Caporalato in casa di riposo: due condannati, un assolto

Pianello del Lario La sentenza del giudice dopo il blitz di sei anni fa. Ritenuti colpevoli i gestori della struttura: un anno e sette mesi

Due condanne, entrambe a un anno e sette mesi e 22 mila euro di multa. Ma anche un’assoluzione e, in generale, un dispositivo della sentenza dal contenuto assai complicato, con diverse prescrizioni su alcune vicende e capi di imputazione senza condanne. Ma, quel che più importa, sentenza che ha riconosciuto la sussistenza di quattro episodi di caporalato (su sette) av venuti nella casa di riposo denominata “La Nuova Famiglia”. La struttura era stata oggetto di un’ispezione nell’ormai lontano 21 giugno 2018, dei carabinieri del Nucleo Ispettorato del Lavoro che avevano aperto un fascicolo su quello che era stato riscontrato.

Attenuanti

Il giudice Daniela Failoni si è pronunciato ieri mattina, concedendo ai due imputati condannati le attenuanti generiche equivalenti alle aggravanti: fatto questo che ha portato la pena a scendere all’anno e sette mesi (pena sospesa) contro i quattro anni a testa che erano stati chiesti dall’accusa, per voce del pubblico ministero Giampaolo Moscatelli.

I due condannati sono le persone che, secondo la Procura, gestivano la struttura di Pianello del Lario: Enrico Fontana (nato a Como, 64 anni) e Gladys Esther Champi Huajardo, 56 anni, peruviana residente a Pianello del Lario.

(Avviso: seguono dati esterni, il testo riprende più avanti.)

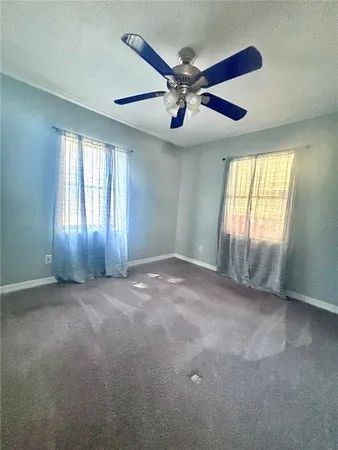 an empty room with windows and fan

Assolto invece Giacomo Fontana (57 anni), imputato per reati minori, per il quale l’accusa aveva chiesto otto mesi: non gli erano contestati episodi di caporalato ma episodi presunti di violenza privata (tra l’altro successivi al blitz del Nil dei carabinieri) che tuttavia non sono stati provati. Le motivazioni della complicata sentenza verranno depositate tra novanta giorni.

Denuncia

Il blitz dei carabinieri era avvenuto in seguito alla denuncia presentata da un lavoratore peruviano che riferiva di avere prestato ore di lavoro non retribuite e di condizioni difficili all’interno della residenza per anziani.

Condizioni

Nella struttura erano presenti una decina di anziani che vivevano accuditi da lavoratori che - secondo le accuse - in parte erano clandestini e comunque erano assoggettati ad orari di lavoro impossibili.

La pubblica accusa, al termine delle proprie conclusioni in un fascicolo processuale travagliato, passato da una lunga indagine e anche da un cambio di giudice - la sentenza giunge infatti sei anni dopo l’ispezione - , aveva chiesto la condanna dei due principali imputati a 4 anni a testa.

Le difese avevano negato su tutta la linea: «In questa storia non ci fu alcun reclutamento e nessuna costrizione – avevano concluso i legali – Questi reati sono stati più teorizzati che documentati. Ricevevano i loro stipendi, avevano potere di contrattazione visto che chiesero ed ottennero un aumento, non ci furono insomma condotte abusanti». Di diverso avviso il giudice.